Além dos concertos no exterior, muitos optaram por performances online com mais ou menos sucesso. O importante, segundo os artistas, era manterem-se activos. Outros houve que nunca pararam a sua actividade habitual como o saxofonista Brasileiro a viver em Nova Iorque Ivo Perelman, o qual continuou a lançar discos e a gravar compulsivamente em estúdio com inúmeros colaboradores. Importantes festivais como o inigualável Winter JazzFest foram forçados a realizar as suas famosas maratonas de jazz virtualmente. Já o Vision Festival suspendeu todas as performances de 2020 e realizou a maioria das de 2021 no exterior, ora nas ruas de Brooklyn ora no pátio aberto do espaço cultural The Clemente em Manhattan. Discos criados e/ou projectados durante os meses mais complicados da pandemia são inúmeros e em todas as frentes. No jazz tivemos mesmo uma predominância de álbuns a solo (Jon Irabagon, JD Allen, Ben Goldberg, Brad Mehldau, Chris Potter) mas também os 60 episódios caseiros Stir Crazy criados pela dupla Ingrid Laubrock/Tom Rainey ou os discos Liberation Time do guitarrista de fusão John McLaughlin e Force Majeure da harpista Brandee Younger com o baixista Dezron Douglas. O confinamento forçado criou um desejo inabalável de compor e criar, e o jazz ganhou com isso.
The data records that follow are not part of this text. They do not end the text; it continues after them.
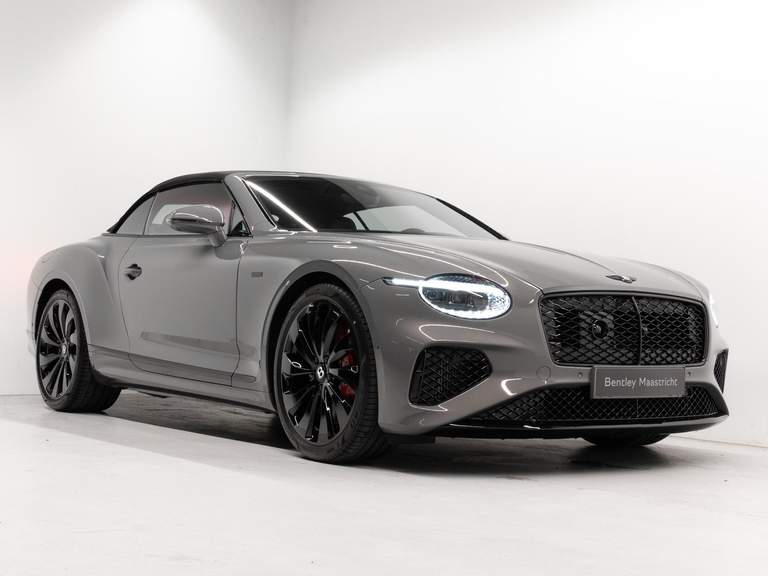 Bentley Bentley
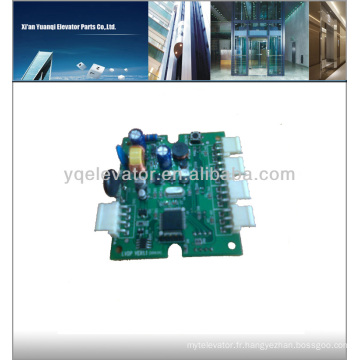 Hyundai LVDP ber 1.1 HLC 204 DWG 285C033G01, hyundai elevator pcb 285C033G01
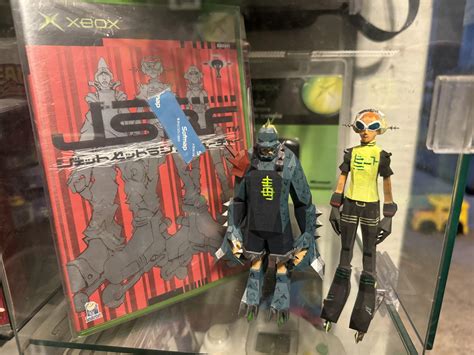 Understand the concept of love : r/JetSetRadio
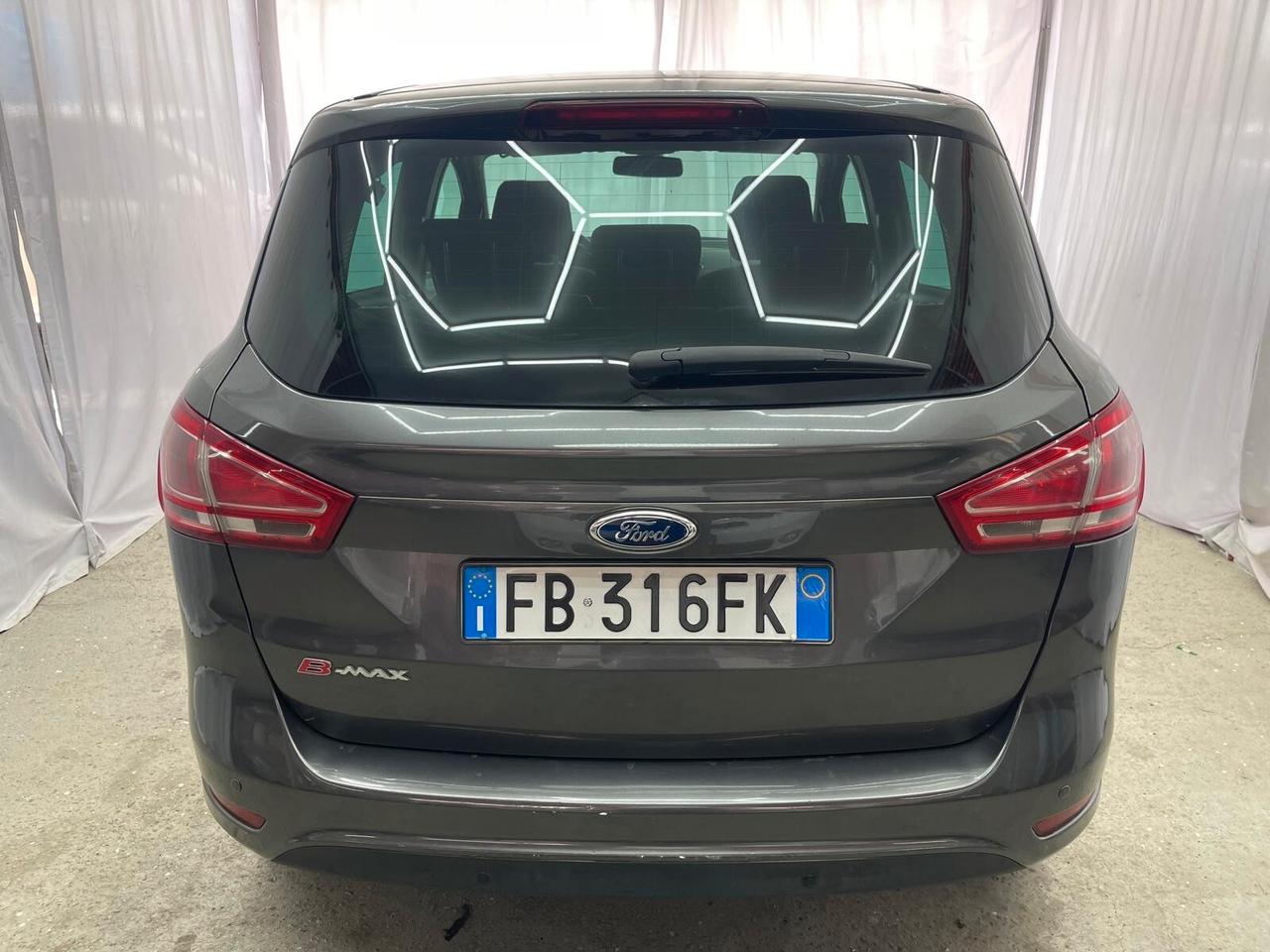 Ford B-Max 1.5 TDCi 75 CV Titanium PRONTA CONSEGNA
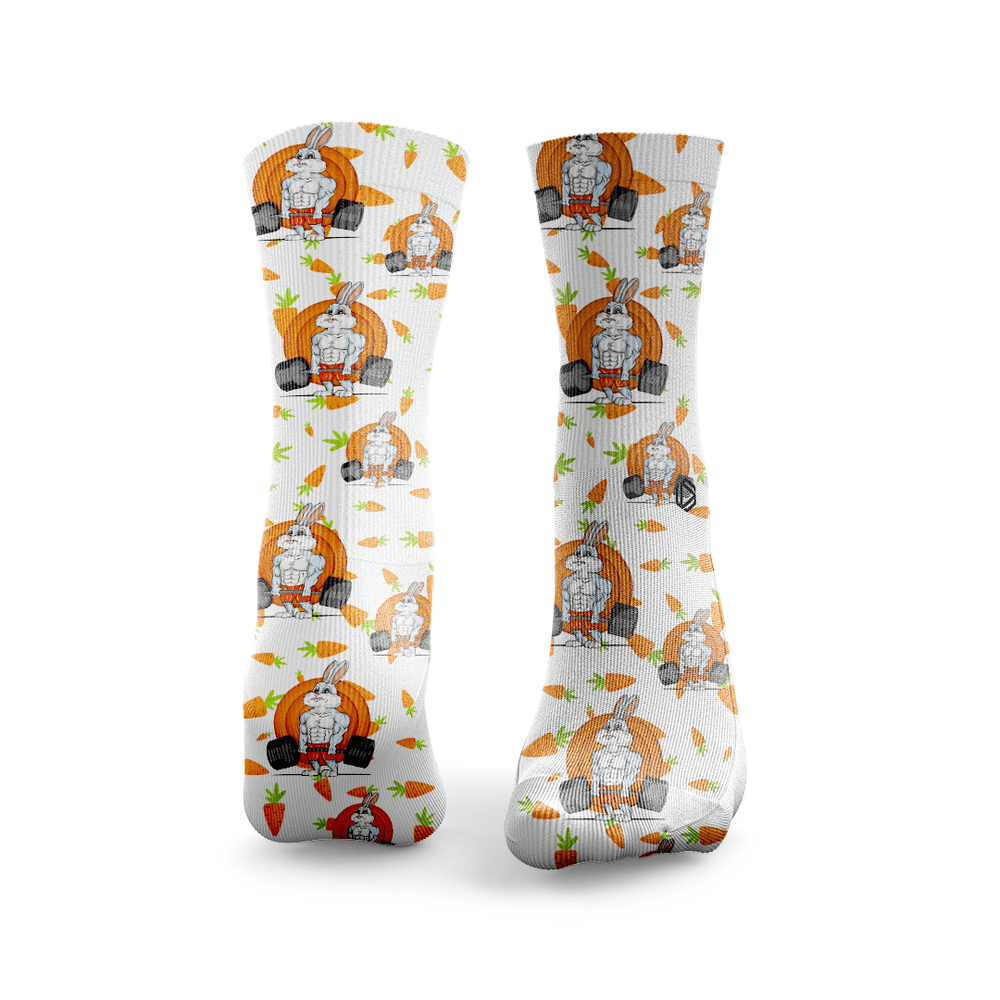 Chaussettes Crew Bugs Weights HEXXEE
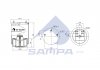 Пневморессора с пластиковым стаканом BPW 4881NP30 (BPW36K) 2 шпильки (смещены)+воздух М22мм (d340x350) (0542943410) SAMPA SP 554881-KP (фото 2)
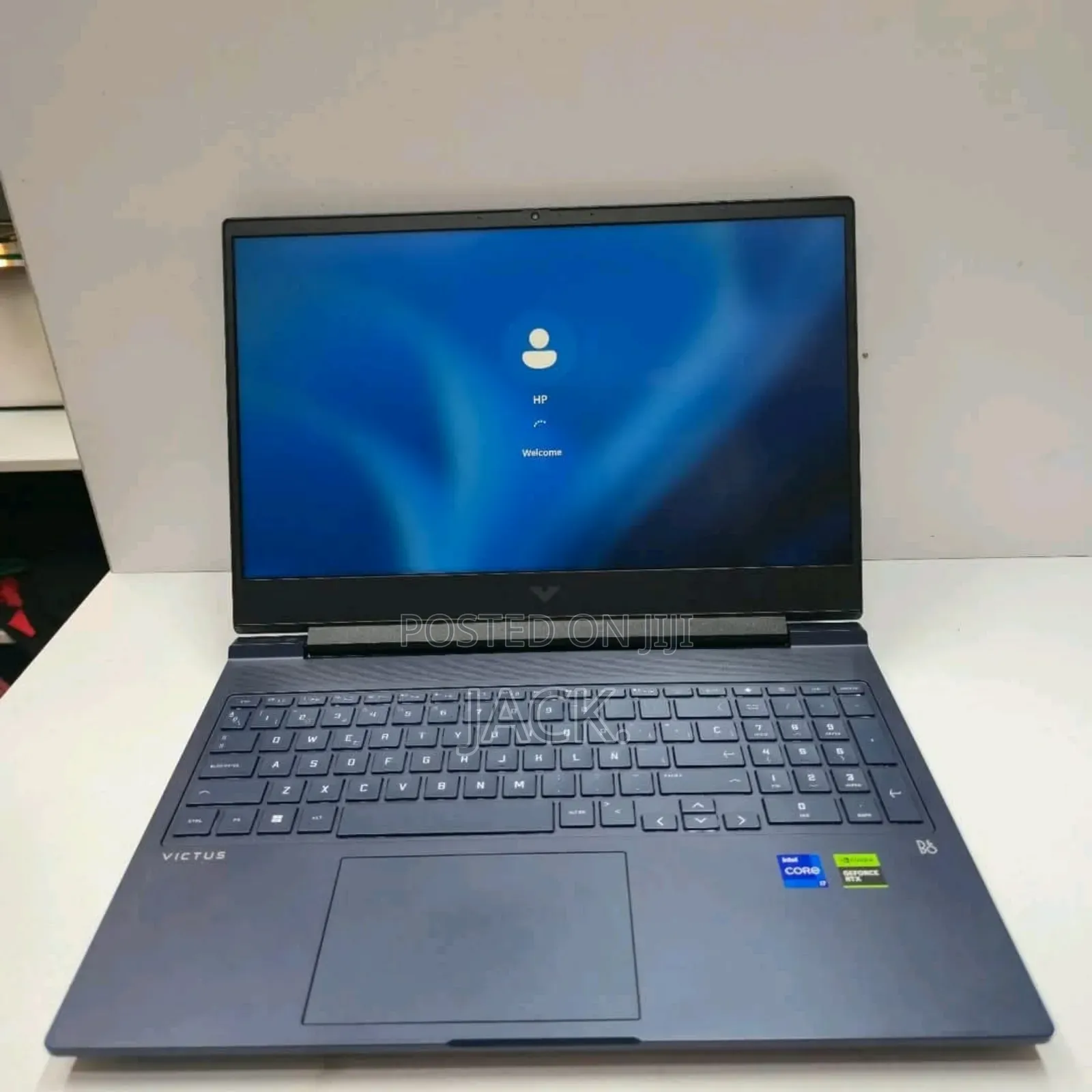 Laptop HP Victus 16 16GB Intel Core i7 SSD 512GB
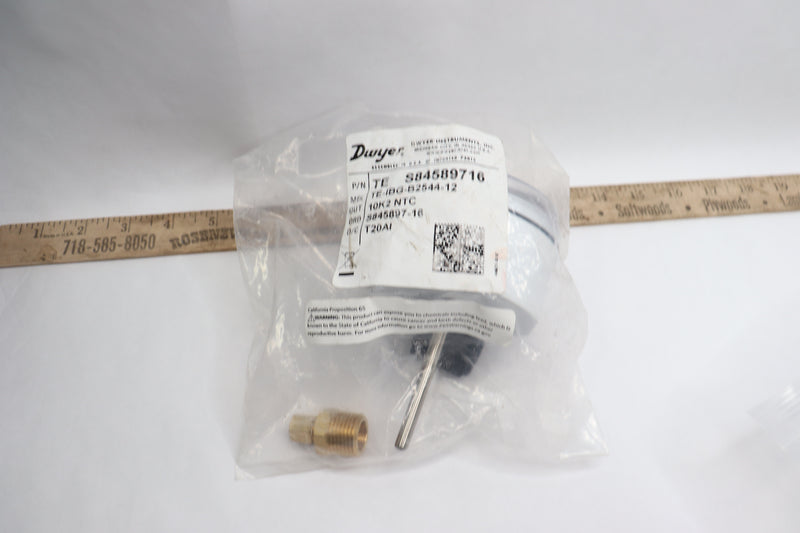 Dwyer Temperature Sensors & Transmitters TE-IBG-B2544-12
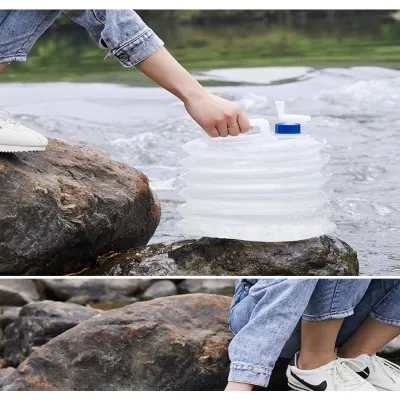 bình nước gấp gọn - bình nước dã ngoại bình nước gấp gọn - bình nước dã ngoại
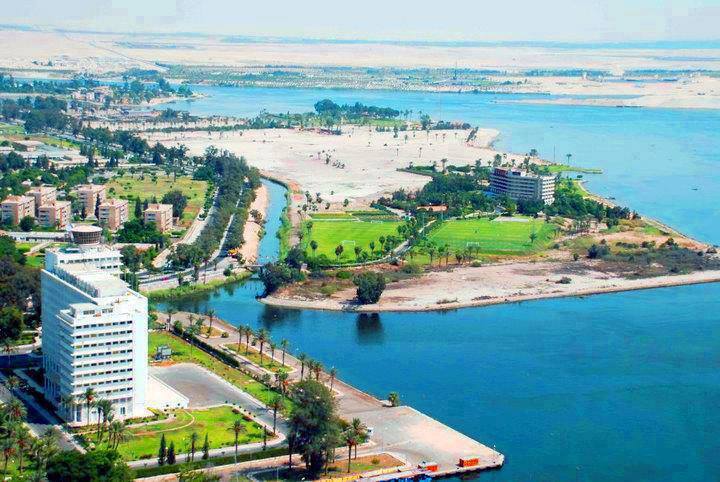 Ismailia Zip Code Shipping Losses Mount From Cargo Vessel Stuck In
No entanto, também houve perdas… nomes como Lee Konitz, Wallace Roney, Ellis Marsalis, Jimmy Heath e Bucky Pizzarelli deixaram-nos à conta do COVID-19. Em relação a espaços dedicados ao jazz, a situação também não foi animadora com o fecho do Jazz Standard, um dos meus clubes preferidos onde sempre nos receberam tão bem, e a ameaça que paira sobre clubes e bares icónicos Nova Iorquinos como o Iridium, o Birdland e o 55 Bar.
Na nossa realidade pessoal, eu como crítico e a Clara Pereira como fotógrafa do JazzTrail, resolvemos cessar a cobertura de concertos em Nova Iorque desde o inicio da pandemia. Por motivos maiores, ainda não voltámos a essa actividade que tanto nos apraz, mas esperamos regressar em breve. No entanto, durante os meses de confinamento, consegui organizar e gravar a minha música pessoal, guardada durante anos na gaveta, e lançá-la em formato vídeo no YouTube.
O jazz já respira melhor, com a certeza de que melhores dias virão. Ninguém por cá o deixa morrer e o calendário pós-inverno ja se encontra a abarrotar de concertos para todos os gostos, tanto dentro como fora de portas.